Nicholas after so long becomes angry “ Nicholas sat down, so depressed and self-degraded by the consciousness of his position, that if death could have come upon him at that time he would have been almost happy to meet it.” It is obvious that he is deeply shocked and been keeping his feelings bottled up inside, so that when he contemplates his fate, “Nicholas signed involuntarily at the though of the agreeable domestic prospect thus opened to him.” When Squeers was beating Smike Nicholas couldn’t take it any more he has held himself back so many times from saying something to Squeers that he was going to explode if he didn’t say anything. Nicholas suddenly cried out ‘Stop!’ in a voice that made the rafters ring. Mr. Squeers didn’t no where this sound had come from and he shouted ‘Who cried stop?’ ‘I’, said Nicholas.
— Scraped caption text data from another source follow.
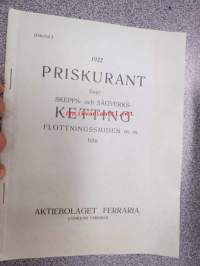 1922 Priskurant över Skepps- och sågverksketting, flottningssmiden m.m. från Aktiebolaget Ferraria - Loimijoki Fabriker - tuoteluettelo kettingeistä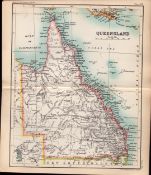 Australia Queensland Double Sided Antique 1896 Map.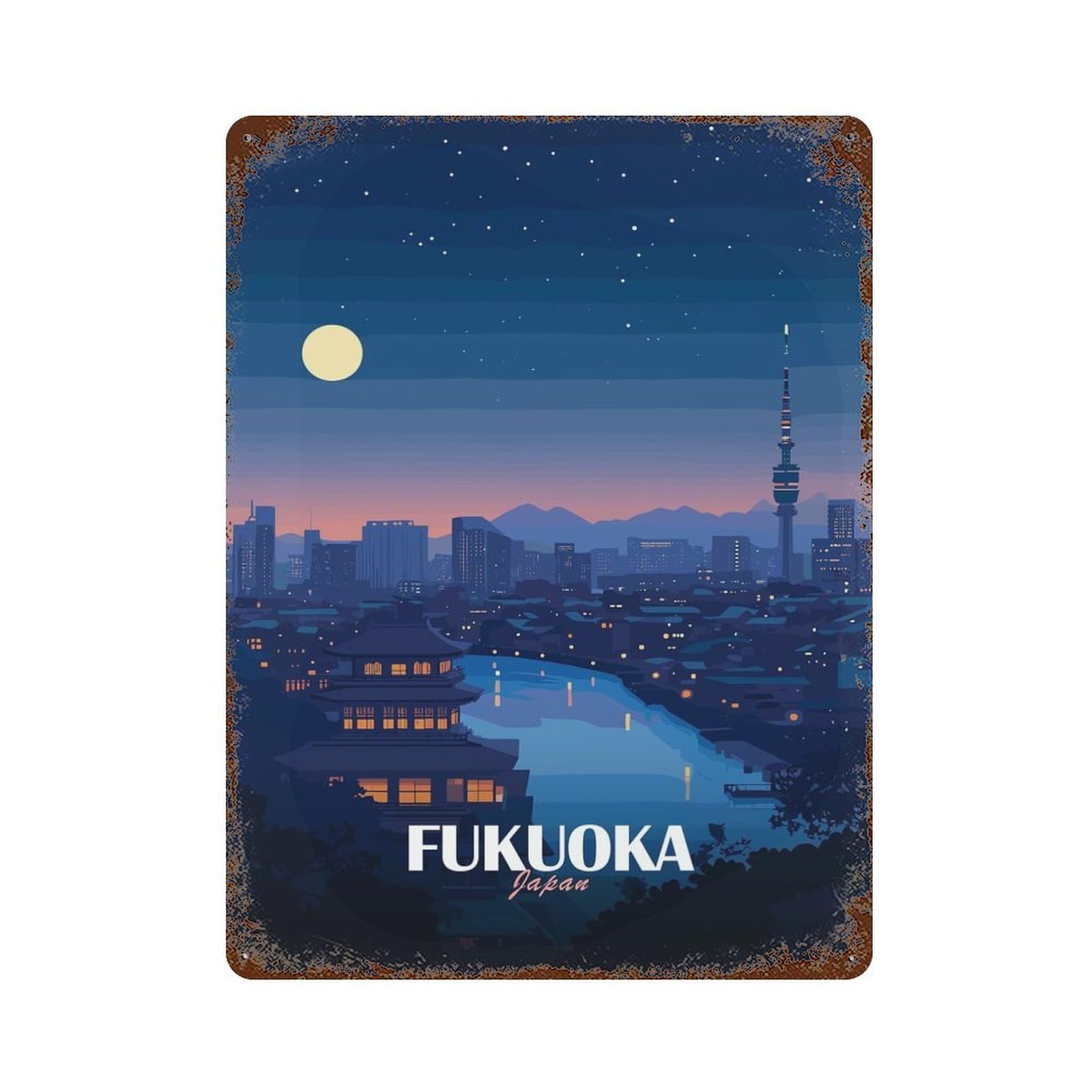 Garage Style Fukuoka Japan Night Cityscape Illustration Distressed Metal Wall Sign 15.7"x11.8", Vintage Wall Decor for Bar And Workshop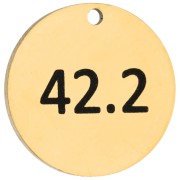 Texte - Breloque ronde 14 mm gravée 42.2 - Marathon 42,2km Acier inoxydable 316 Doré x1 Breloque ronde 14 mm gravée 42.2 - Marathon 42,2km Acier inoxydable 316 Doré x1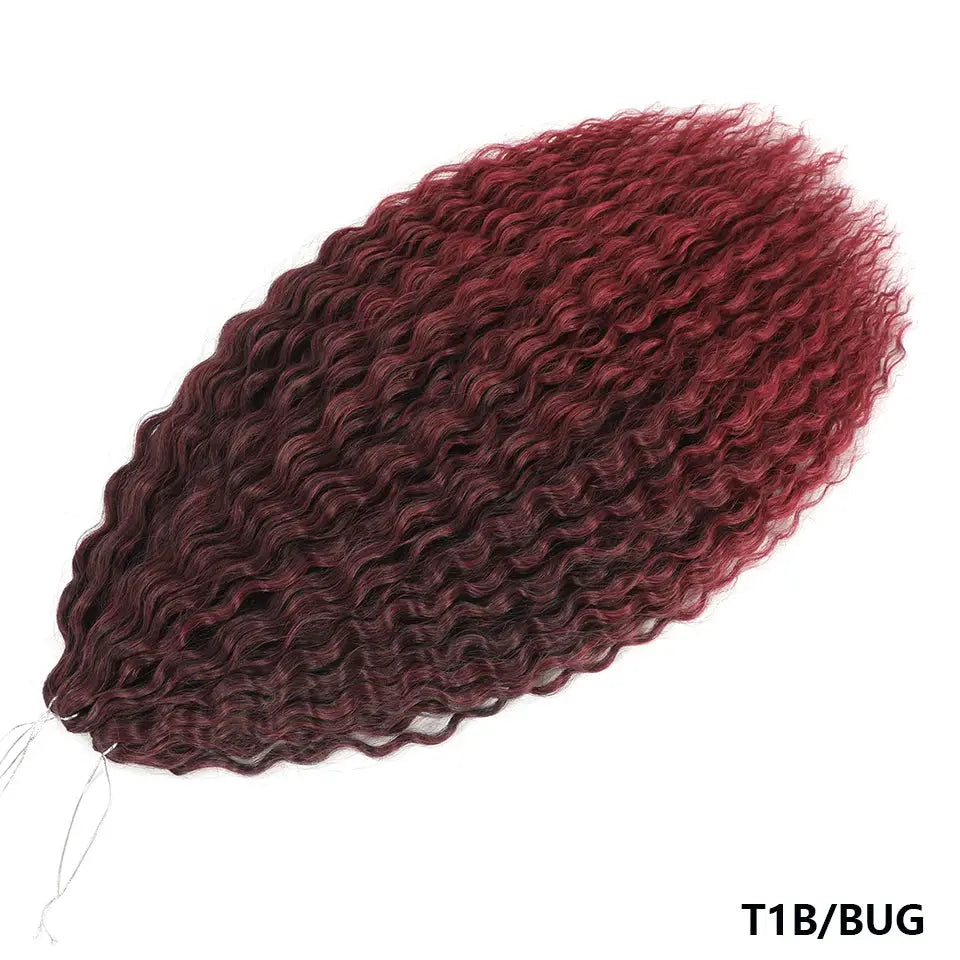 Ariel Curls crochet hair extension in burgundy ombre T1B/BUG, synthetic water-wave curls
Nicholas couldn’t watch these beatings to the boys any more and had to take matters into his own hands, he had to try and stop Squeers doing this. Nicholas told Squeers again ‘I must not,’ repeated Nicholas, nothing daunted; ‘shall not. I will prevent.’ Nicholas was getting more and more angry with Squeers because he wasn’t listening to him and was getting ready to hit him. ‘My blood is up, and I have the strength of ten such men as you. In a violent outbreak Nicholas got Squeers. Nicholas sprang upon him, wrested the weapon from his hand, and pinning him by the throat, beat the ruffian till he roared for mercy. Only Smikes beating that makes him react over comes him and turn on Squeers.
In these three chapters, Dickens creates both a complex and clear picture of how one of his hero-figures mind works. Dickens is telling us how a decent person should think and act through his portrayal of Nicholas, we also realise what is important to him. They should want things to change for the better, they should fight injustice, and they should always put others before themselves. Dickens always explains his hero’s action by linking them to their feelings i.e. we are never given insight into Uncles Ralph mind, but we always have an insight into Nicholas’s. A hero on Dickens terms should always be: brave, kind, honest and sympathetic. Nicholas character brings together episodes to a very strong thread of Dickens work: entertainment. He manages to get across the pain and suffering of the boys so well, he really captures the reader’s heart through his descriptions of Smike and the appearance of the children. After his own family’s suffering he knew just how cruel the legal system was, and so he wanted the members of the upper class to read his novels and change the life of such people.